RELEASED: May 2, 2006

EAU CLAIRE — A film screening and panel discussion titled "Mixing Science & Religion: Do We Know What the Bleep We're Doing?" is slated for May 9 at the University of Wisconsin-Eau Claire.

The film, titled "What the Bleep Do We Know?," will screen at 5 p.m. and the panel discussion will follow at 7 p.m. in Davies Theatre.

Panelists include Dr. Geoff Gorham, assistant professor of philosophy and religious studies; Dr. George Stecher, associate professor of physics and astronomy; and Dr. Scott Lowe, professor of philosophy and religious studies. The moderator is Dr. Charlene Burns, associate professor of philosophy and religious studies.

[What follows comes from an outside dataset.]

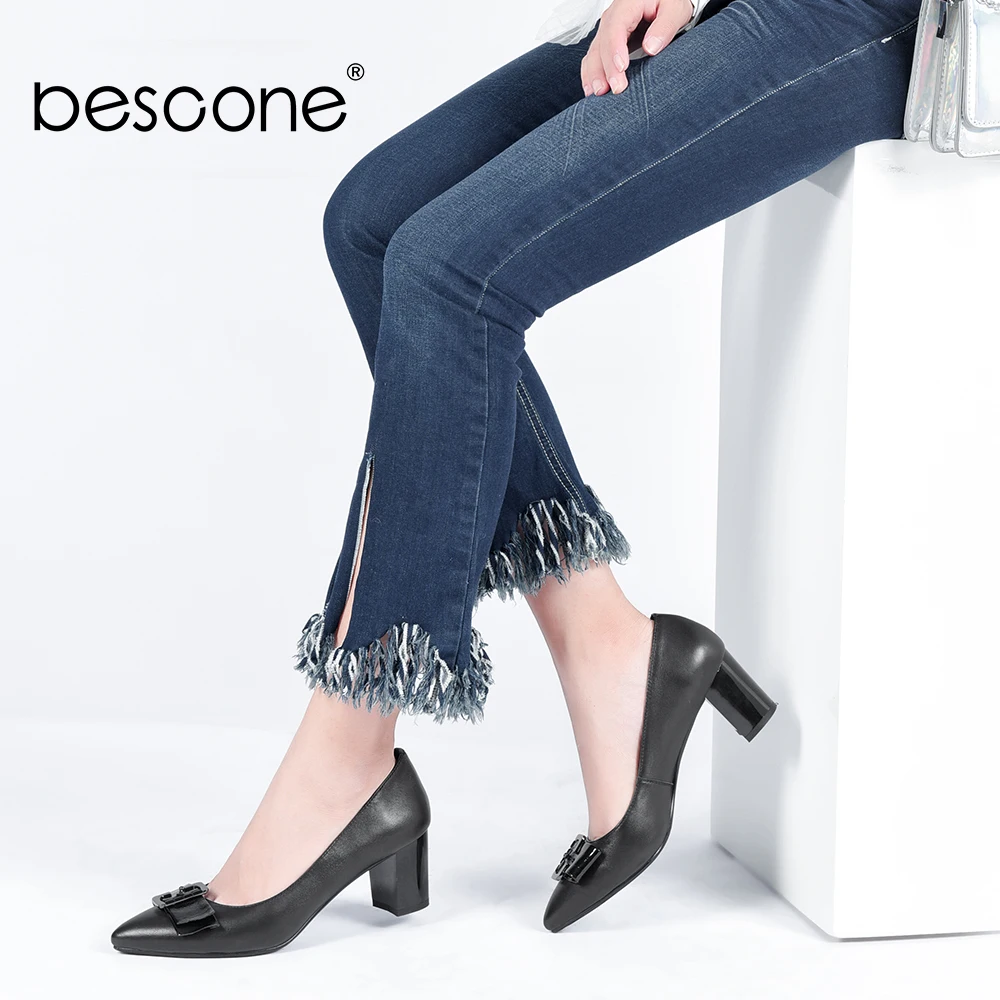 

BESCONE Elegant Black Women Work Shoes Spring Square Heels Genuine Leather Pumps Pointed Toe Metal Decoration slip-on Pumps A33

The discussion will focus on issues raised by the integration of science and religion, the uses and abuses of science to support the agenda of religious groups, and the value of attempting to integrate religious teachings with scientific discoveries, said Dr. Charlene Burns, director of the Chippewa Valley Dialogue on Science and Religion initiative.

The CVDSR was created by faculty in the sciences and religious studies, clergy and a local physician to help people on and off campus better understand issues that relate to science and religion. The initiative will provide organized discussions, bring science and religion experts to campus, and help high school science teachers better address questions that touch on religion.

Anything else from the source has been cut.